Stored data entries:
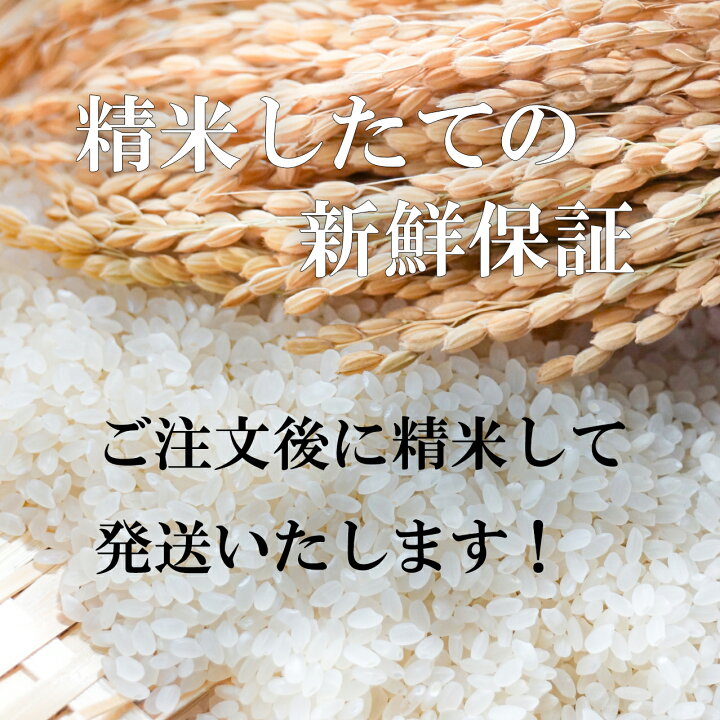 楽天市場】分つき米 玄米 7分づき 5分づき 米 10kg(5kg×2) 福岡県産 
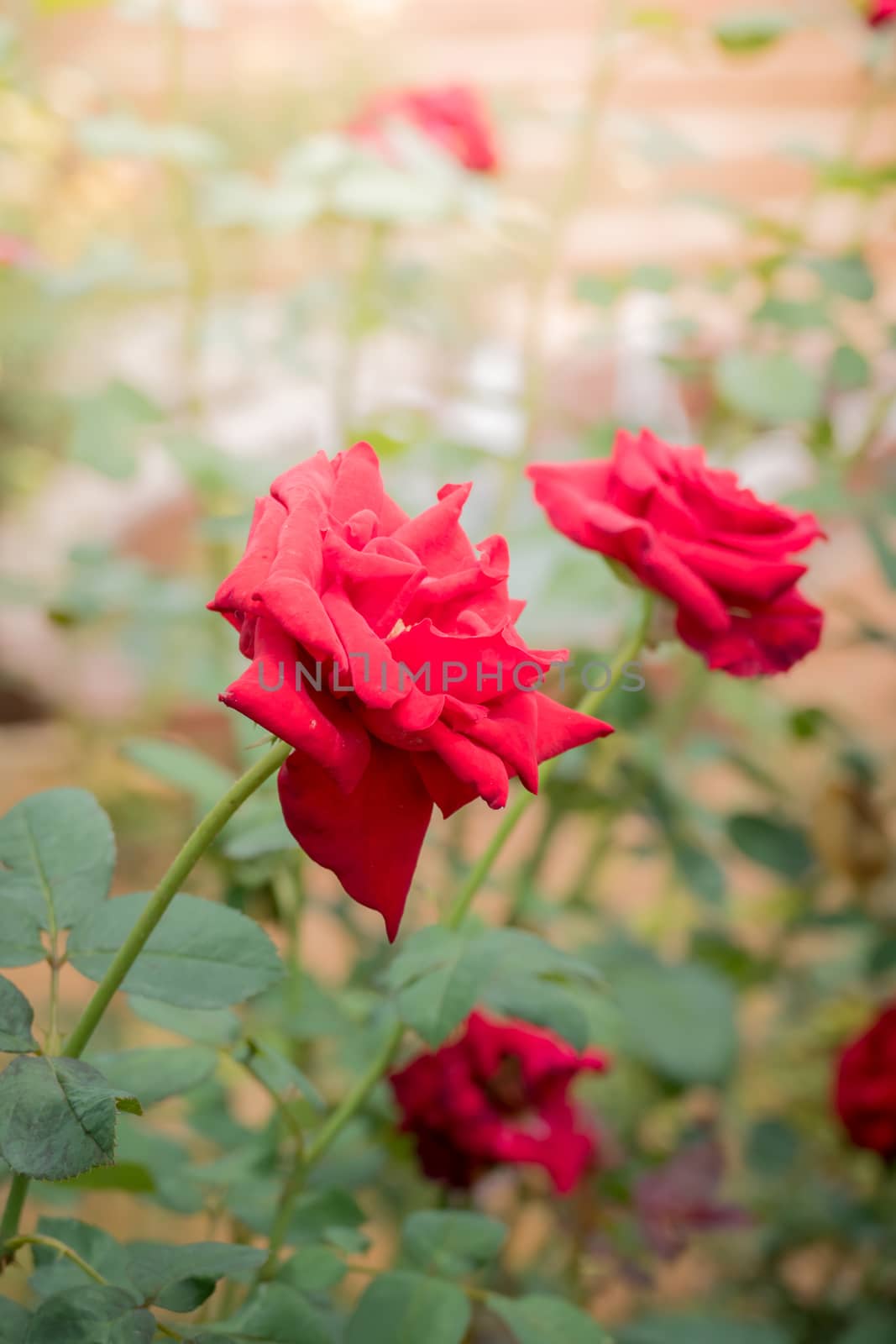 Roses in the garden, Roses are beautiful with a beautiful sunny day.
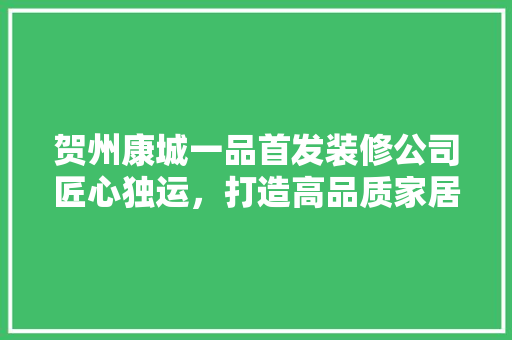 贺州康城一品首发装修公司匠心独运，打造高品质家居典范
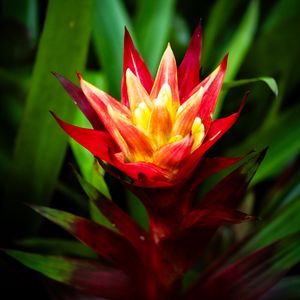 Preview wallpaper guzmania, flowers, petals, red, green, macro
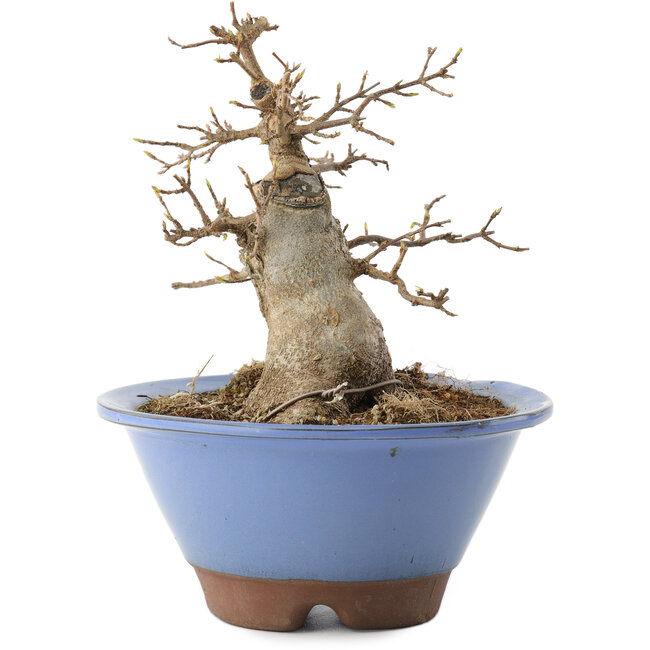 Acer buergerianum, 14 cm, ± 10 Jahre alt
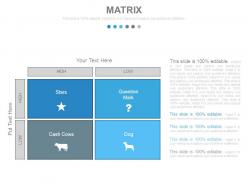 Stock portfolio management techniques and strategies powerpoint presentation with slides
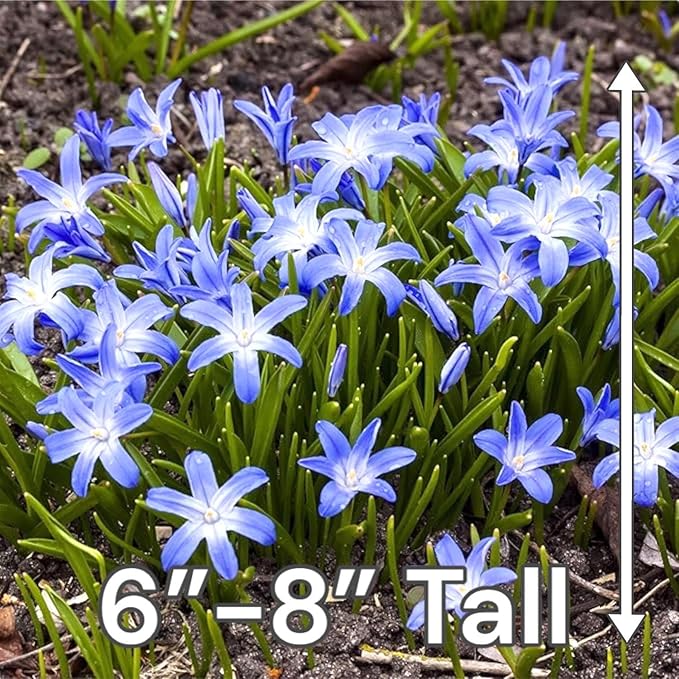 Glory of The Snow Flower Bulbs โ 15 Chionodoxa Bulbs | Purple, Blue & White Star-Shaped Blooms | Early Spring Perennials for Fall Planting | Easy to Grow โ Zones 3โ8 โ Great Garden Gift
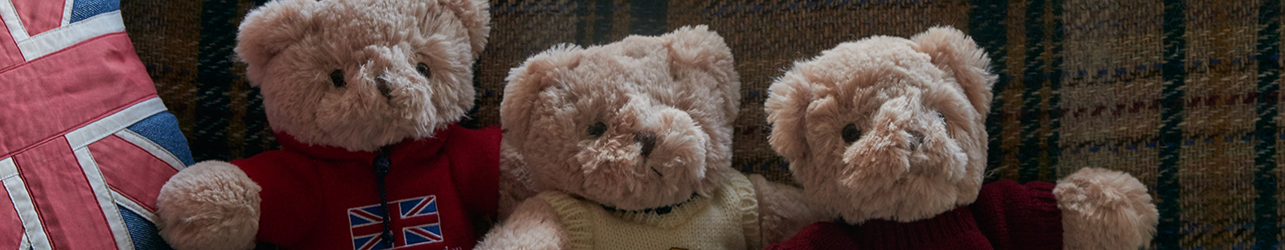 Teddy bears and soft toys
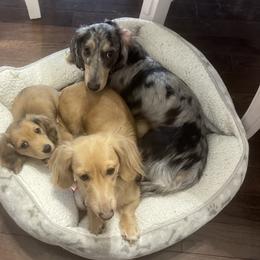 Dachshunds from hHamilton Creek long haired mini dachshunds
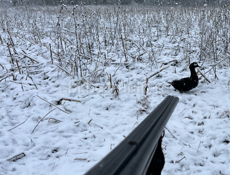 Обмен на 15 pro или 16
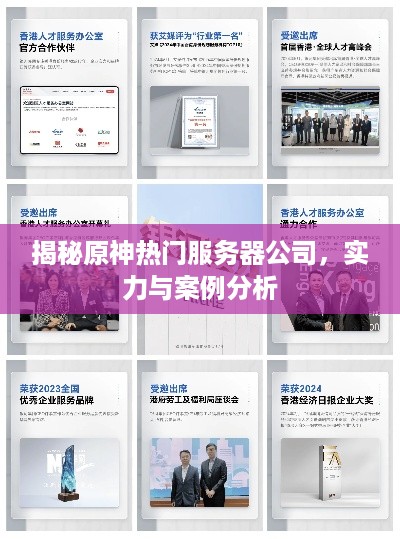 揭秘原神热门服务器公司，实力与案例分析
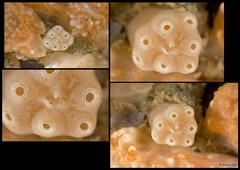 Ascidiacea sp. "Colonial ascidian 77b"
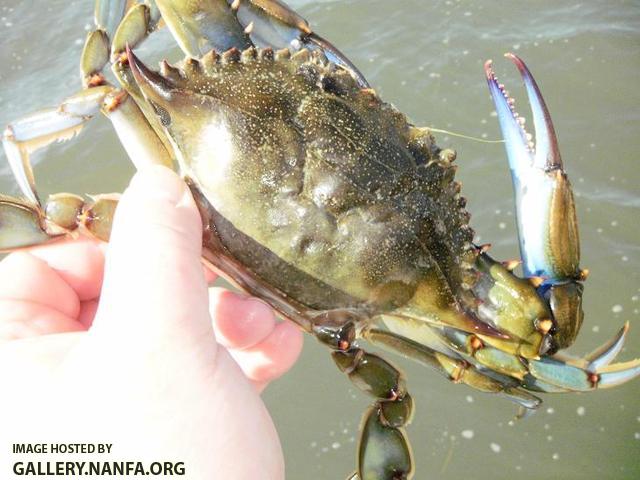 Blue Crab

PROBLEM TO WORK ON: Pictures stay out. Transcribe the lines from the start of the entries above through the line with "Acer buergerianum, 14 cm, ± 10 Jahre alt", exactly.

SOLUTION TO THIS PROBLEM:
 楽天市場】分つき米 玄米 7分づき 5分づき 米 10kg(5kg×2) 福岡県産 
 Roses in the garden, Roses are beautiful with a beautiful sunny day.
 贺州康城一品首发装修公司匠心独运，打造高品质家居典范
 Preview wallpaper guzmania, flowers, petals, red, green, macro
 Acer buergerianum, 14 cm, ± 10 Jahre alt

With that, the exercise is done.